The average university vice chancellor salary is now £275,000 – while fees have increased from zero to £9,250 a year in two decades and are now the world’s highest for public institutions.

But Andrew Adonis, a former HE minister, said salaries for top management should be slashed across the sector to show “leadership” and to help reduce fees, which he now believes were a mistake.

He told BBC Radio 4: “The successes does not justify salaries of this level. When you say it’s only a small fraction of the money that goes from fees, it’s quite interesting what happens with top salaries: people with the top salaries always say that, but it’s just the apex.

“In the University of Bath, the information I’ve been set by staff and students, who are very angry what’s happening there, there are 67 top managers in the university of Bath who earn over £100,000.”

Mr Rammell said he had frozen his pay while other staff had seen theirs frozen but argued: “Let’s not pretend that fees are driven by vice chancellors’ salaries, they’re about 0.2 per cent of a university budget. The reason fees came in was to repair the historic decades long cuts in university funding and that’s what they’ve done.”

Lord Adonis says fees and top salaries should be slashed (Getty)

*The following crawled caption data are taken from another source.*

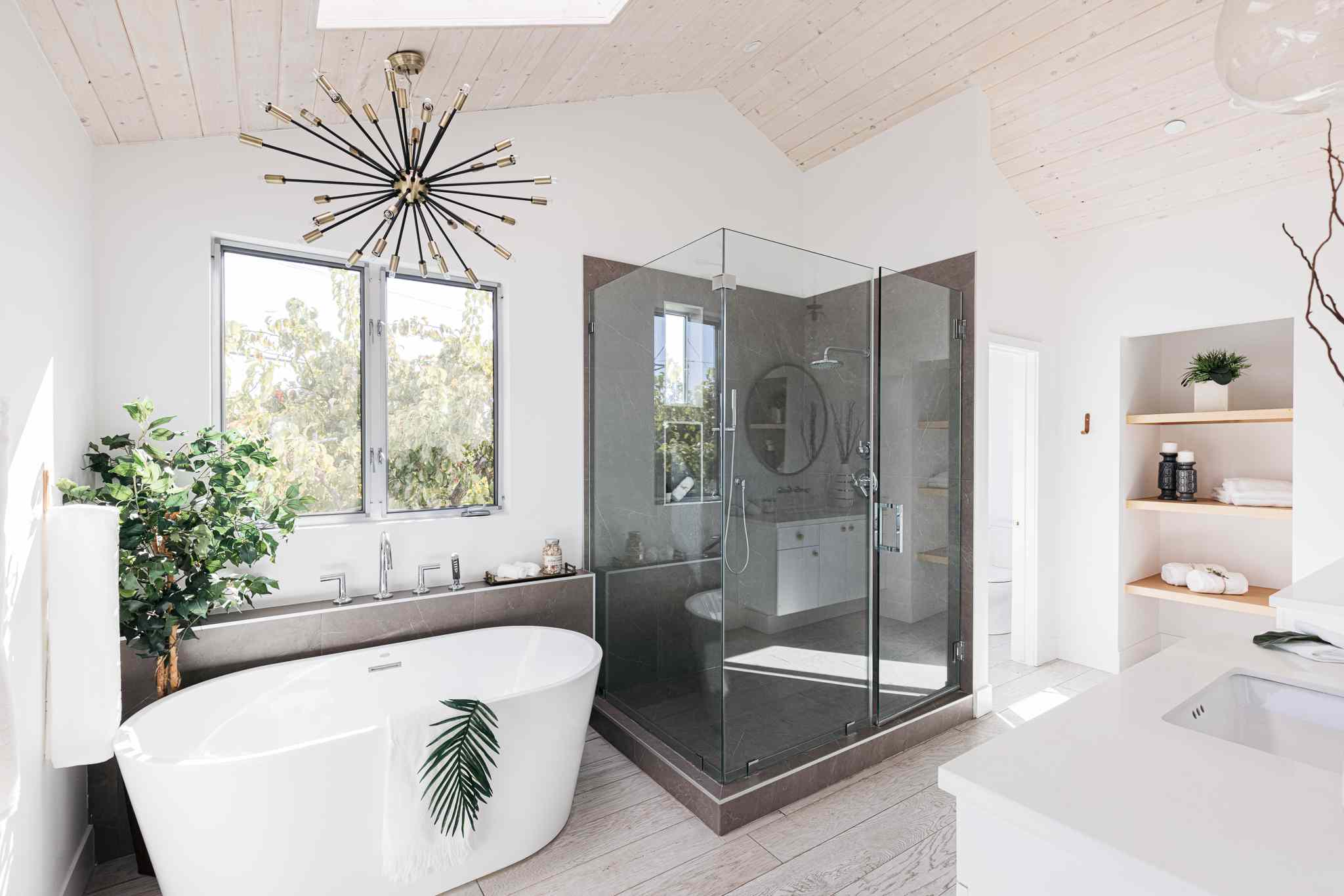 Modern bathroom with spa-inspired features such as rainfall showerhead, deep soaking tub, and heated floors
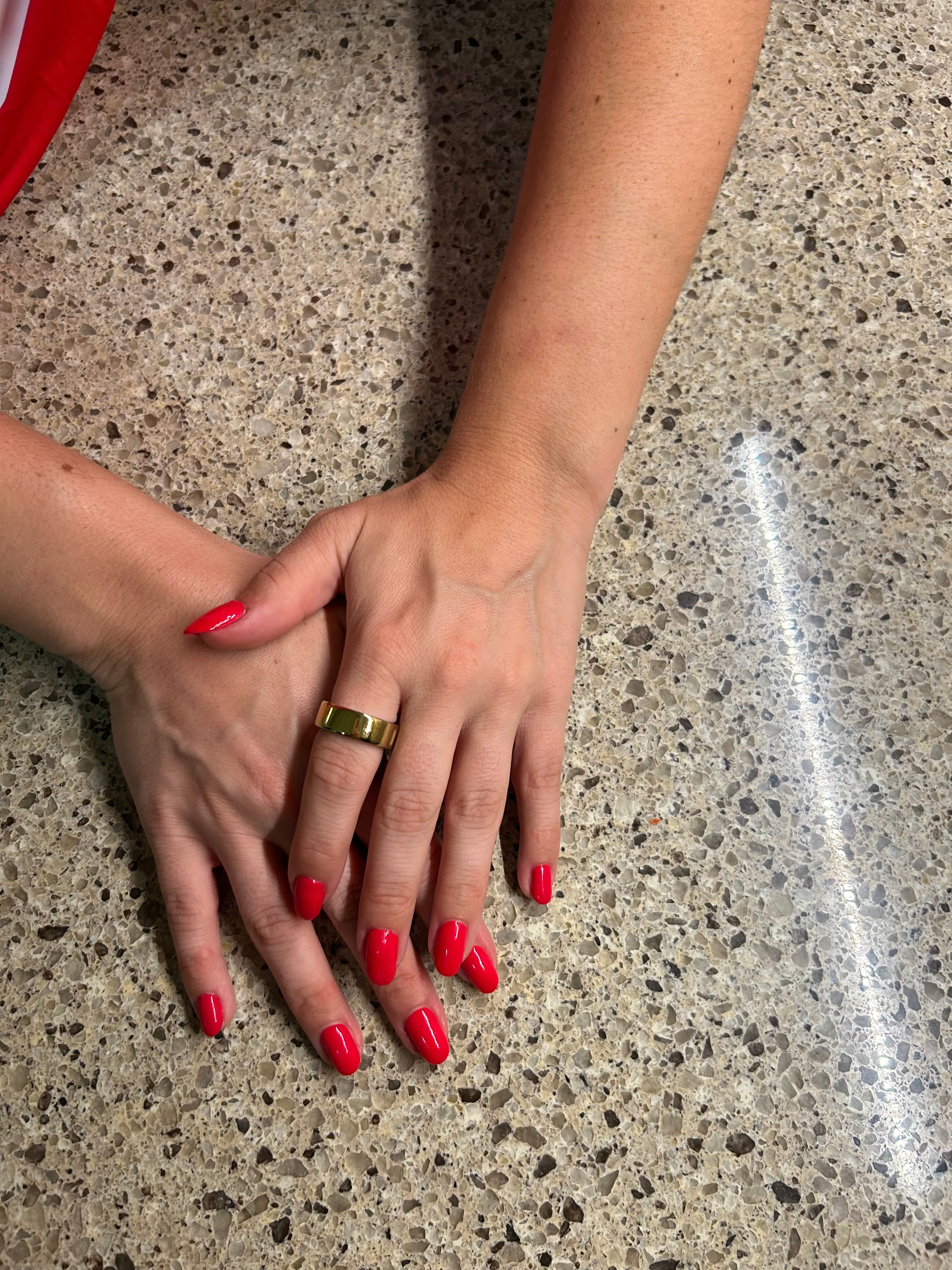 A close-up of two hands with glossy red gel-polished nails filed into a clean, rounded oval shape, resting on a stone countertop at the Roanoke studio.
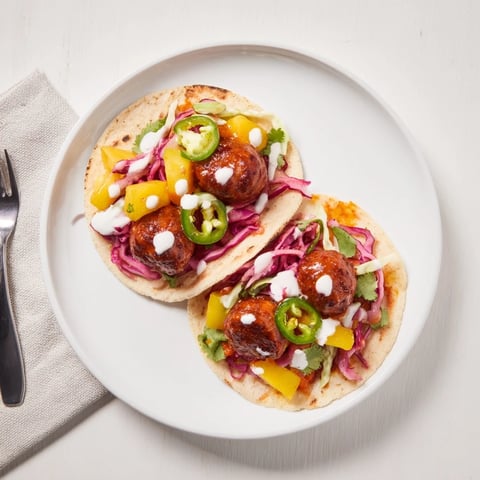 Saftige Currywurst-Tacos mit würziger, eingelegter Mango und frischem Gemüse.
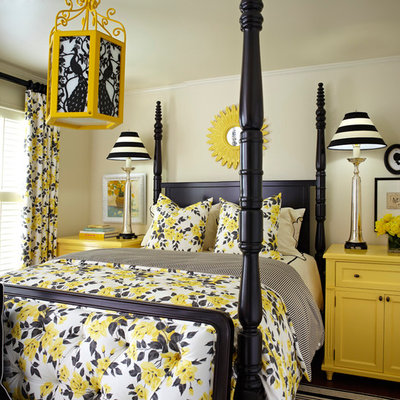 Example of a mid-sized classic guest carpeted bedroom design in Little Rock with beige walls and no fireplace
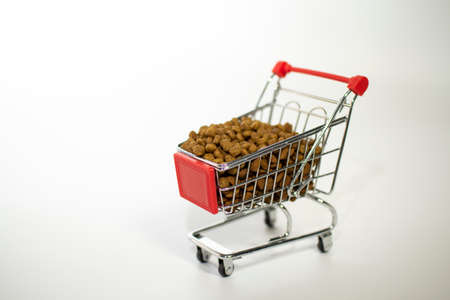 Shopping basket on a white background filled with cat food.の写真素材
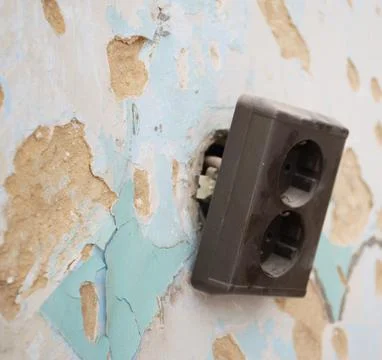 Broken electrical outlet on damaged wall during home renovation Stock Photos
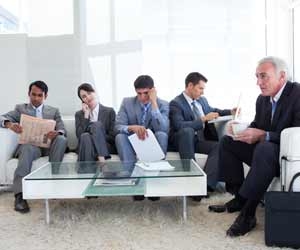 Five job seekers waiting on a sofa for a job interview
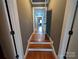 Hardwood stairs and hallway with gray walls at 327 Johnson Dairy Rd, Mooresville, NC 28115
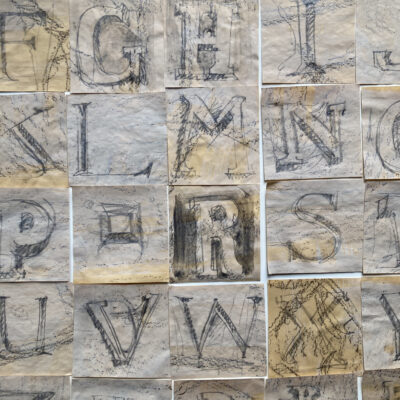 Alphabet sketched from foundation stones on scrap drawings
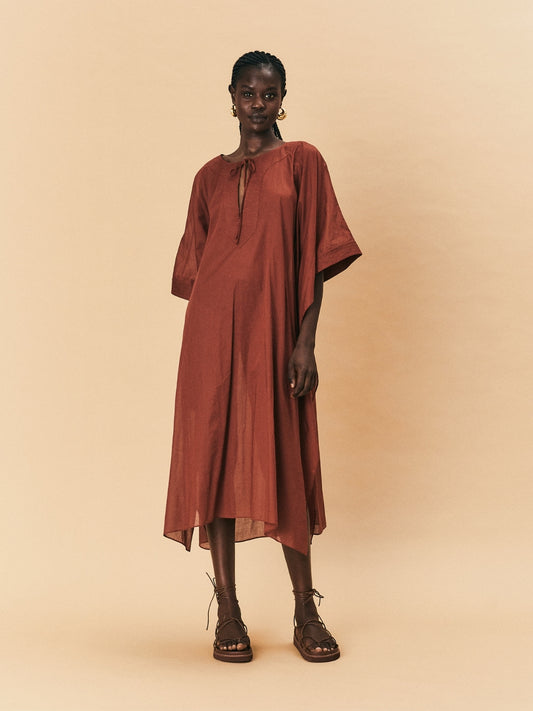 A woman wearing a brown La Maise Lia kaftan dress in brown against a beige background.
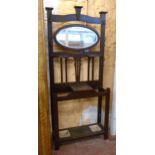 A 34" early 20th Century stained walnut hallstand with central bevelled oval mirror plate,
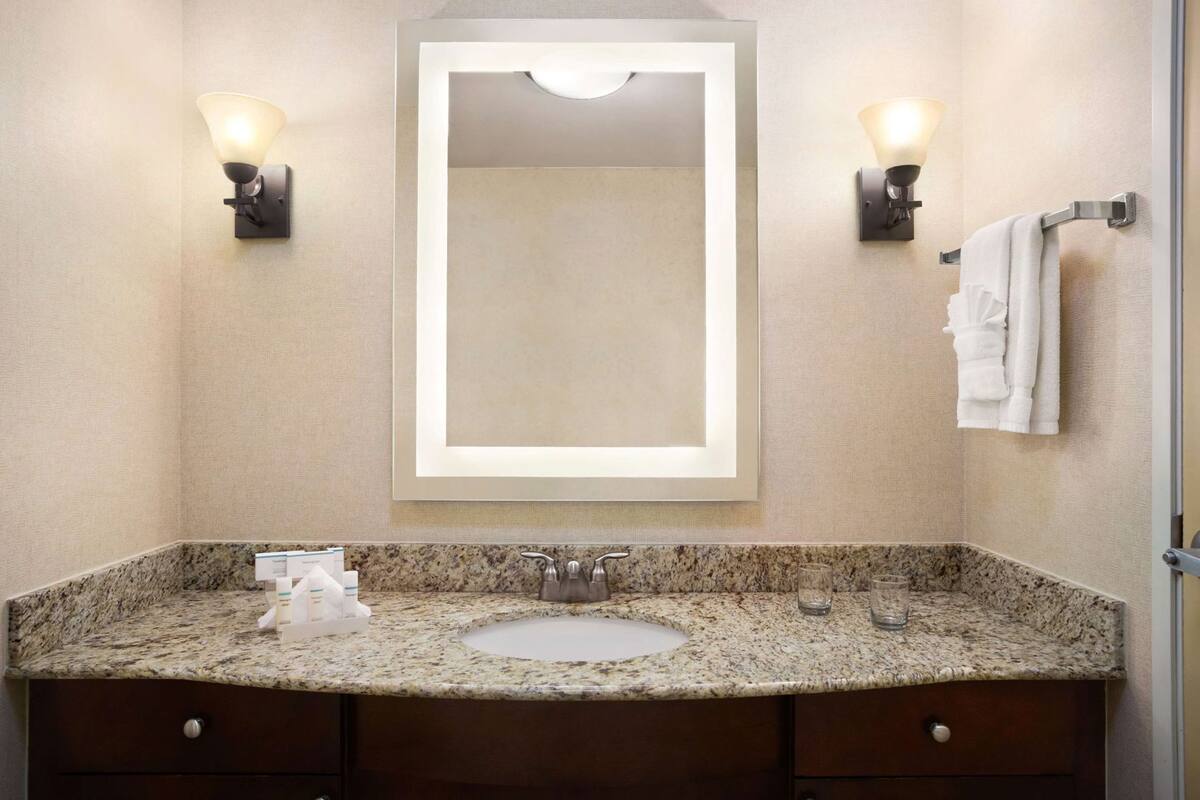 A bathroom with a granite countertop, a sink, a mirror, and two wall-mounted light fixtures.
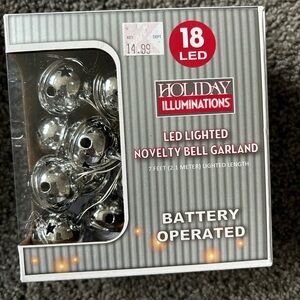 Holiday novelty silver bell garland that illuminates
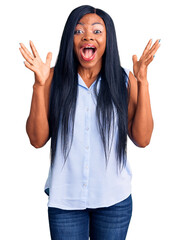 Poster - Young african american woman wearing casual clothes celebrating crazy and amazed for success with arms raised and open eyes screaming excited. winner concept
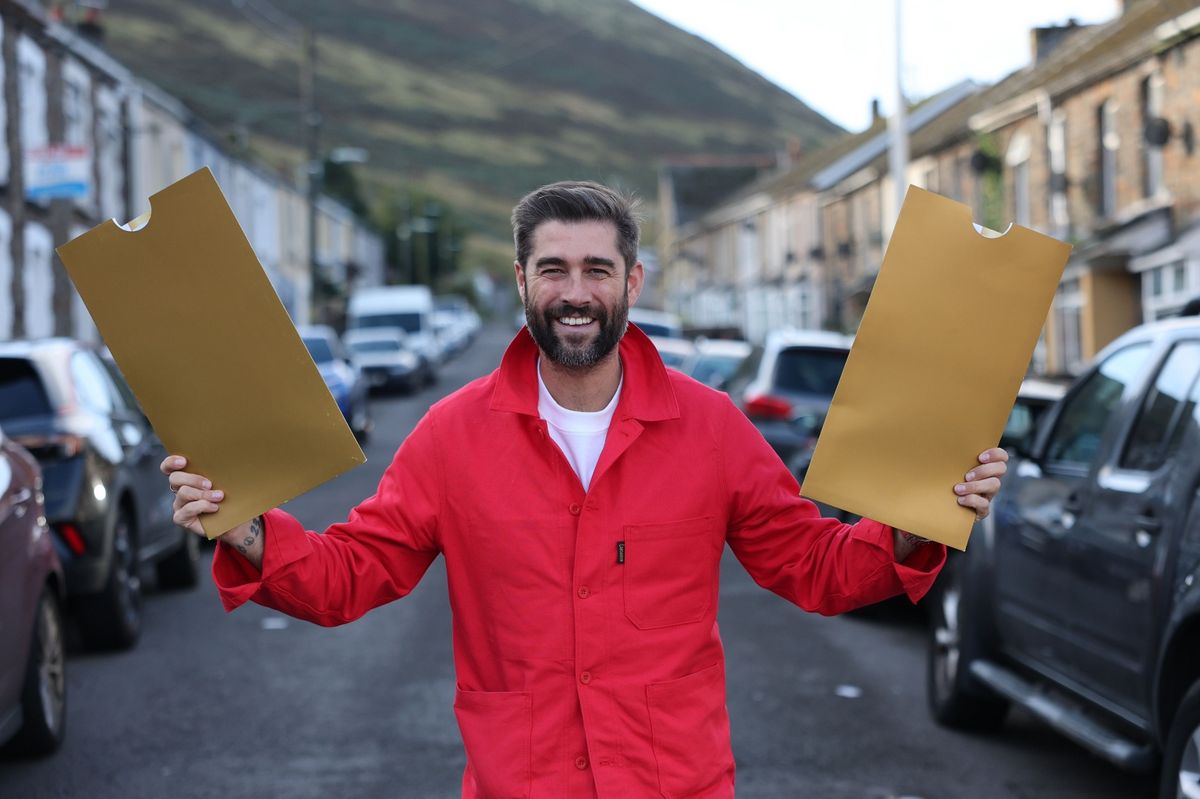 A man stood in the middle of a street holding two envelopes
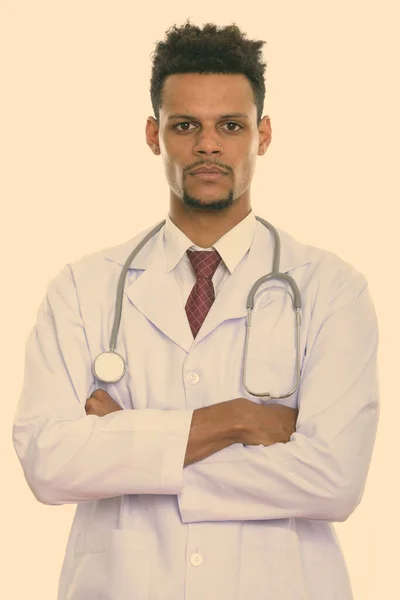 Studio shot of young African man doctor with arms crossed — Stock Photo, Image
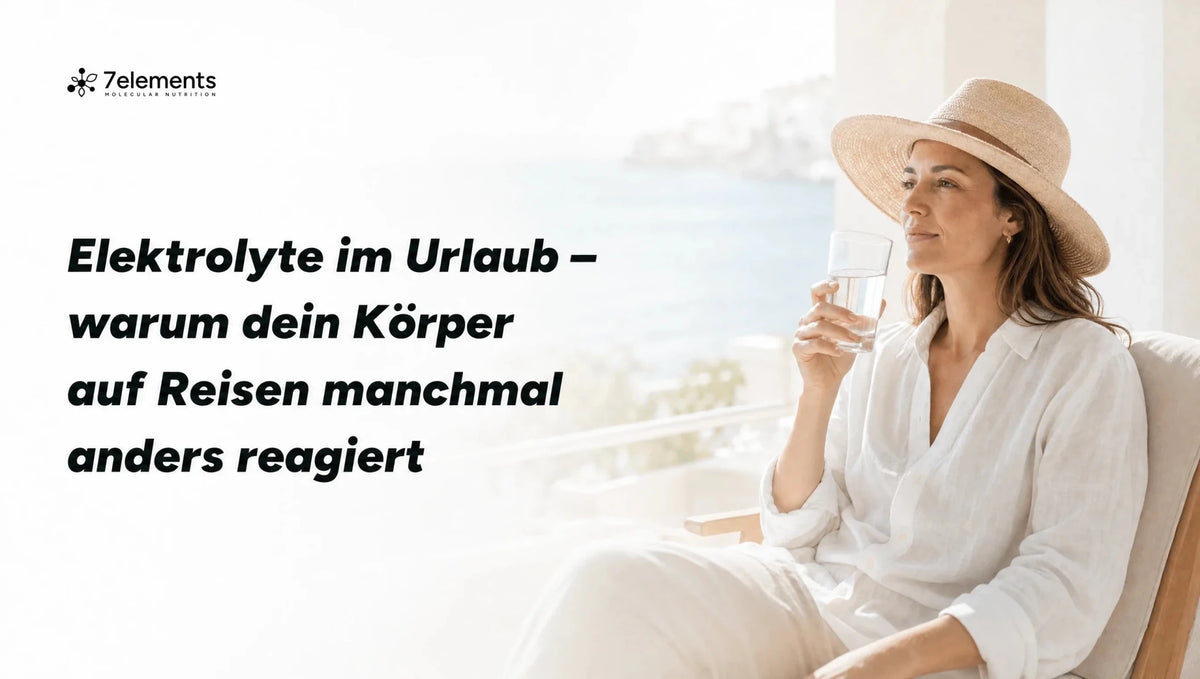 Frau mit Sonnenhut am Strand mit einem Glas Wasser – Elektrolyte im Urlaub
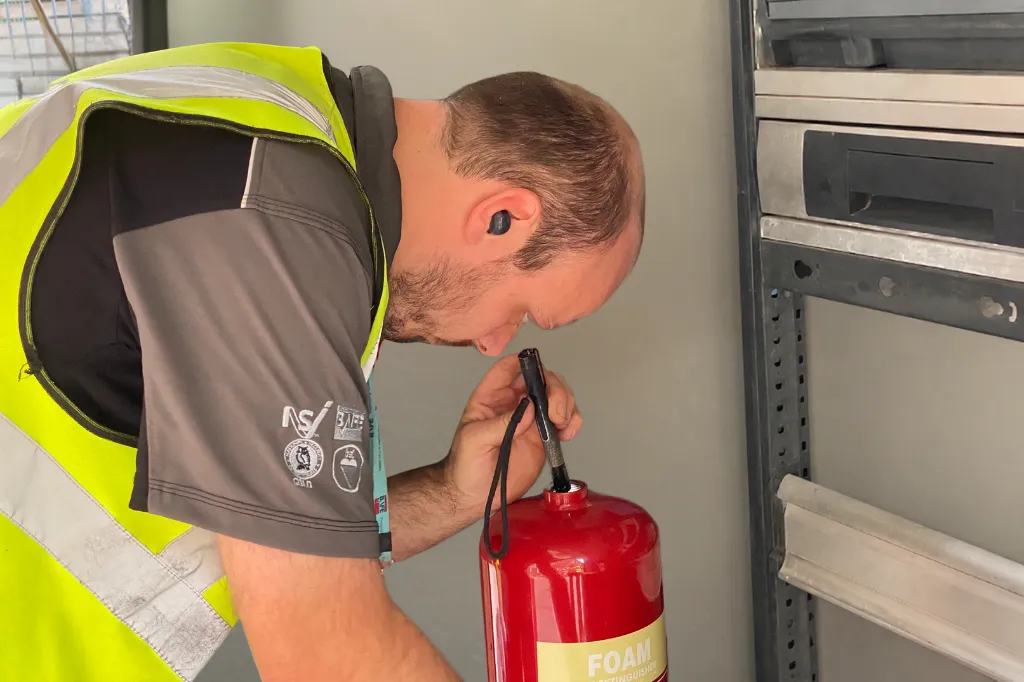 man servicing fire extinguisher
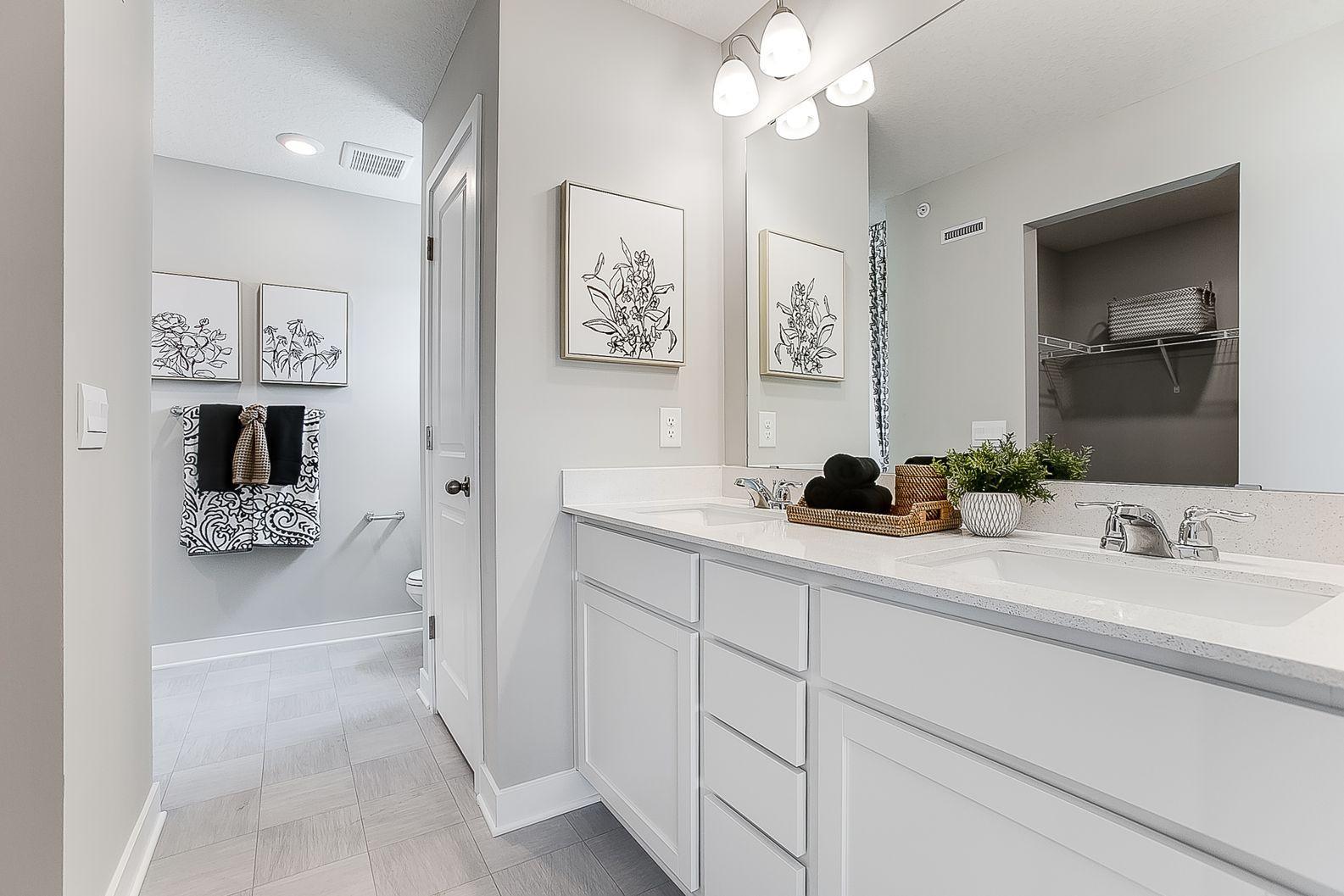 Primary bathroom offers a raised vanity with 2 sinks, Quartz counters and linen storage. *Model home, colors and finishes will vary.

He said cuts to fees would herald a return to “the days of penury” – apparently referring to universities’ budgets rather than students’ and graduates’ debt mountains.

Lord Adonis said the fact that universities had repeatedly all simultaneously and immediately increased fees to the maximum as soon as they were allowed to do so showed there was a “cartel”.

“There’s an obvious cartel operating and I’ve asked the competition and markets authority to look into it,” he said, adding that universities were “accumulating huge reserves”.

But Mr Rammell, himself also a former Labour HE minister, denied there was a cartel: “There’s not a cartel, we take our decisions independently.”

VCs now earn more than six times the average pay of their staff, according to figures from the University and College Union – with sharp rises in recent years. Salaries shot up by 10 per cent at 23 British universities in the most recent financial year, with 11 heads now on packages of more than £400,000 a year.

For comparison, the Prime Minister earns a total of £149,440 a year, a figure which is solidly within the top 1 per cent of earners.